Pentium100 · September 23, 2020, 8:43am

It would make things slower and ECC RAM already has, well, ECC, so why do it twice?

It’s 5 seconds by default on zfs. SLOG does not count, as it is not read during normal operation (only after a crash).

SGC · September 23, 2020, 11:21am

the slog will also be used if there is a failed checksum.

The 5 sec is only the max, which granted my setup will use all the time because i run sync always to limit hdd random io and pool fragmentation.

when i do an iostat -w 3600 i will rarely have high write wait times… granted there will always be some of those minutes long waits, if i’m like doing a scrub or such… but the vast majority of the write waits will be into the ms range… tho i’m sure that will count the slog… not sure how to check it without seeing the slog writes.

ofc my new slog / l2arc pcie device haven’t been active all that long, so my numbers are still a bit unknown, but it’s a vast improvement from the two older sata ssd’s i had trying to do slog… one of them would end up with latency of 125ms… now it looks to be sub ms range 24/7

zfs is very advanced, i cannot say exactly how it all works… i doubt neither of us truly understand it, ofc that doesn’t mean you aren’t right… which sounds reasonable, but i doubt it can really be simplified into 3 words but maybe

end to end checksums would involve them being checked and verified each step of the way, even through RAM, ofc the real issue would be with that is that if it can detect it and the data only is in ram… then it has no way to fix it, it can only report it…

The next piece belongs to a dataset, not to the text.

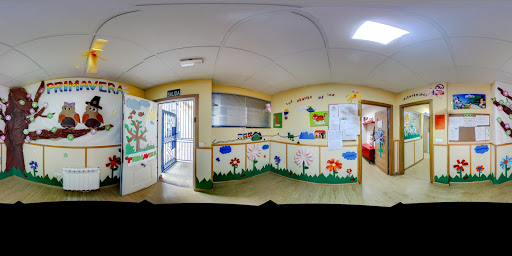 Centro de Educación Infantil Conveniado con la Junta de Andalucía Pekes de Ika. en Granada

and some writes can at times wait for minutes before being written from memory to the pool, and thus in such cases of large queries then the chances of bit errors in memory would go up exponentially, which is why i like it to go directly to my slog always, and then if the system discovers an checksum issue at one point it will be able to go back and find a backup essentially… even if it’s only like a 5sec period… its still essentially a backup of the data.

just like the l2arc will limit writes and reads on the pool and thus reduce latency and disk wear, and additionally if there ever is issues with the pool, in most cases lots of the stuff it needs will be in the l2arc, even if it takes weeks or months to fully warm it up…
and again if some data is discovered to be corrupt, even if the hdd redundancy cannot fix it… then in some cases it could well be sitting around in the l2arc.

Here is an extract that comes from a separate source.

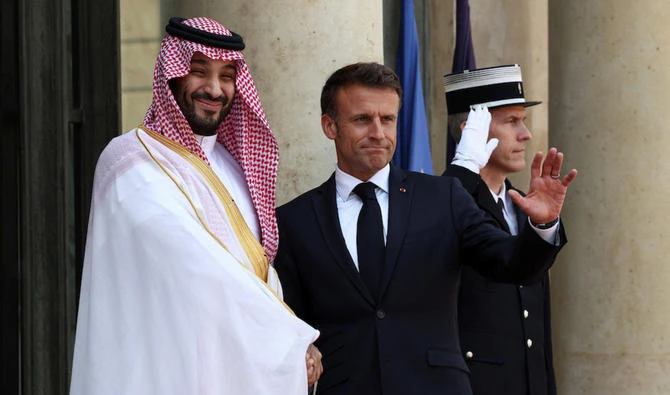 Mohammed ben Salmane s'entretient avec Macron à Paris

and ofc it doesn’t hurt that it makes everything faster…
i would be very interested to know if ram still is the primary failure point for zfs… because thats an easily mitigated issue… and if that is the case i might consider that…

Pentium100 · September 23, 2020, 12:13pm

SLOG is not read in normal operation.

Device             tps    kB_read/s    kB_wrtn/s    kB_read    kB_wrtn
sdp               4.73         0.02       261.45      15836  242461144
sdr               4.73         0.02       261.45      15836  242461144

These are the SLOG devices in my server. In 10 days it read 15MB and wrote 240GB…

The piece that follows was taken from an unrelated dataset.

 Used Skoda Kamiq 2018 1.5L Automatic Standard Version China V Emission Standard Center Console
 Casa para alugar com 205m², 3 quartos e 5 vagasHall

As zfs does not do checksums for data stored in RAM, if the data gets corrupted, it will be written corrupted without checking the SLOG. SLOG is only read after an unclean shutdown.

StoreMe2 · September 23, 2020, 12:35pm

Hi,

today i decided to make a new clean OS install on my Server (Mintlinux 20) and a clean new docker and storj install.

I realised that the Linux installation was slow as hell. No error shown but i changed the OS SSD and then it seems to be on normal speed.

Don’t know what is exactly the error but it seems it depends on the OS SSD and the Maindboard (or cable).

I think i change the Mainboard and RAM and use a brand new SSD. The old was working 3,5 years and there is no error shown but it was very slow. It was working on ext4. Some SSD issue ?

Hoping this fixes my issue.

Working with BTRFS for my storagenode. Now i am thinking to work with btrfs for my OS SSD too with ECC RAM.

liffe · September 23, 2020, 3:42pm

Same thing happened to me. Had my node up and running for 11 months and suddenly these motherfuc*** auto-update tried to update it during the night and crashed my server + HD while sleeping.
Woke up to realize I got disqualified. STORJ will lag behind its competitors because of situations like these.

SGC · September 23, 2020, 4:08pm

some ssd’s can become very slow if filled beyond the 60% mark or less i believe 40% of total capacity partition / partitions is about the optimal choice for performance in most cases, ofc the types of ssd technology can be vastly different and thus YMMW

also never fill an ssd beyond 80% since it often requires room to rearrange data, tho in many cases today these over-provisioning will be done from the manufactures side, so in many cases it won’t be required, but then the 20% free space will simply ensure much improved performance…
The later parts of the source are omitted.